──────── DATASET CONTENT ────────

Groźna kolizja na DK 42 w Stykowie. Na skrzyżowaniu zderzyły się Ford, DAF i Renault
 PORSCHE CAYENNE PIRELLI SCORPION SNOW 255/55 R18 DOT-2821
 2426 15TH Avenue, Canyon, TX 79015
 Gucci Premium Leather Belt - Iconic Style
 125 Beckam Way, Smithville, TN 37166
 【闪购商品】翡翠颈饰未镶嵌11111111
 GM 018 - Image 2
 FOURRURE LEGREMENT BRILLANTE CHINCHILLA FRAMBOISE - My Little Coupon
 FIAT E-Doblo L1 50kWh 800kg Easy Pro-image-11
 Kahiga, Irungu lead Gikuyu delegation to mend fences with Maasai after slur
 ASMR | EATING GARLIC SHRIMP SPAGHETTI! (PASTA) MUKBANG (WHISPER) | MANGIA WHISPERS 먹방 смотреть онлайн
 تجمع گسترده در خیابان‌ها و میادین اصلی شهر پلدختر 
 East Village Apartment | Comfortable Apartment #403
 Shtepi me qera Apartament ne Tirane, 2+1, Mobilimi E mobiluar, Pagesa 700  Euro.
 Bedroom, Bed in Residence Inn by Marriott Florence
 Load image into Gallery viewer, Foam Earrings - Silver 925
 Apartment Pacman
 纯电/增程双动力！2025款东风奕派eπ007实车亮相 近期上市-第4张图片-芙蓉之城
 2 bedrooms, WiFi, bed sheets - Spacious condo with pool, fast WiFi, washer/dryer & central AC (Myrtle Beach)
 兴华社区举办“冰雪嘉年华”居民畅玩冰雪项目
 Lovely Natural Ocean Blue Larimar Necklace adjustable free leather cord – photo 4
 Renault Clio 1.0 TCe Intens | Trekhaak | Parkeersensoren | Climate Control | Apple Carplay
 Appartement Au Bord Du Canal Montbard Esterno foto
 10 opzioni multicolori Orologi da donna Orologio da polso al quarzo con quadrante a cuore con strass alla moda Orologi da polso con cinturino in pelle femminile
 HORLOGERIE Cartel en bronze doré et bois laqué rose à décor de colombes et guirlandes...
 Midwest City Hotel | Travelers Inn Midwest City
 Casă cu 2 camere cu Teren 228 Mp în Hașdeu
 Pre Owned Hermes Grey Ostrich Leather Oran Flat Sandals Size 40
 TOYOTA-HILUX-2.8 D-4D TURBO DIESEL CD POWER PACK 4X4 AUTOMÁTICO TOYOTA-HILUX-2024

────────

Using the data above, return every line that contains the string "Apartment".

 East Village Apartment | Comfortable Apartment #403
 Apartment Pacman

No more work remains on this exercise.